Fig. 7.. TDP-43 seeding is present in IBM patient muscle but does not correlate with histological pathology.

(A) The insoluble fraction from muscle biopsies of 24 IBM patients, along with 5 healthy controls, 10 with IMNM, and 10 with ALS were added to the TDP-43 FRET sensor line. Of the IBM samples, 14 were statistically significant (P<0.05). *P<0.05, **P<0.01, ***P<0.001 One-way ANOVA with Dunnett’s multiple comparisons test to lipofectamine only control. Dots on each bar represent technical replicates. (B) Representation of each patient’s average integrated FRET density (IFD). P*<0.05 with one-way ANOVA and Dunnett’s multiple comparisons test to healthy controls. The amount of seeding activity had a negative correlation with histological hallmarks of IBM such as TDP-43 aggregates (C) and rimmed vacuoles (D). (E) Representative images of a disease control, low seeding sample, and high seeding sample with their corresponding FRET values (samples indicated by arrows in (A). Scalebars represent 50 μm.
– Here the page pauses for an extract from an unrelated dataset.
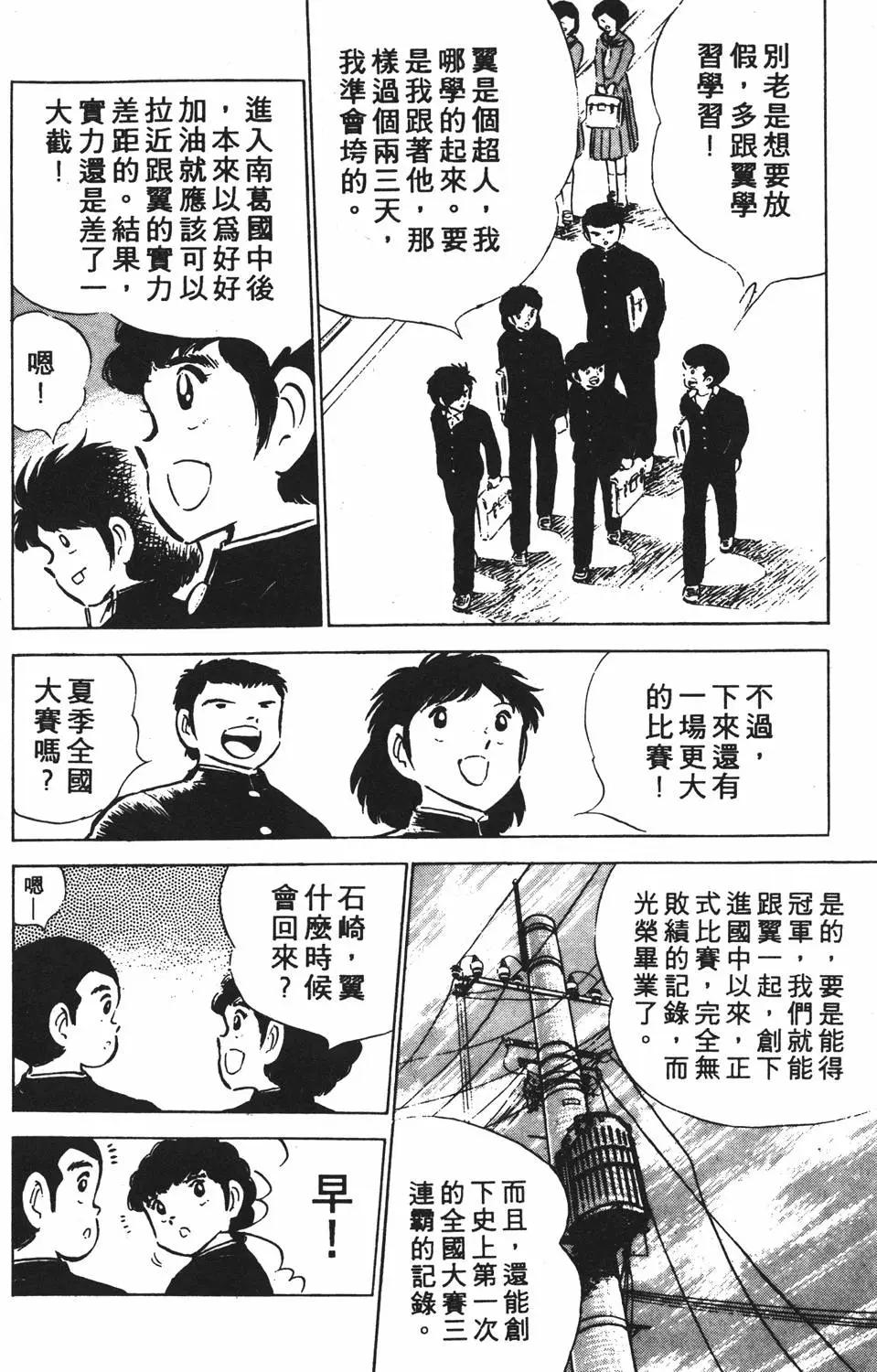 《足球小将翼》第08卷 第10页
Fig. 8.. TDP-43 seed uptake and conversion occurs in skeletal muscle in vitro and in vivo.

(A) Immunostaining for TDP-43 in mouse myoblasts treated with buffer or 50 nM of recombinant TDP-43 PFF for five days at time of differentiation. The bottom row shows the same staining without the DAPI channel to better visualize the loss of endogenous nuclear TDP-43 in the seeded cells compared to untreated. (B) Soluble and insoluble lysates from TDP-43 PFF treated and untreated mouse myoblasts were subjected to immunoblot using anti-TDP-43 and pTDP-43 antibodies. Note the presence of insoluble TDP-43 species in PFF treated cells. Similar blots were repeated in 2 independent experiments. (C) The tibialis anterior muscles of C57 wild type mice were injected with 10 μg of recombinant TDP-43 PFF or a buffer control in the contralateral leg. Individual muscle fibers are outlined with dotted white lines for better visualization. Immunofluorescence for pTDP-43 on sections obtained one month post injection demonstrates positive inclusions in fibers from PFF treated muscle (enlarged yellow box). (D) Representative western blots of soluble and insoluble lysates from TDP-43 PFF treated and untreated TAsshowing an increase in insoluble TDP-43 fragments in the injected TA muscle as compared to the buffer injected contralateral muscle. Similar blots were repeated in 3 independent experiments.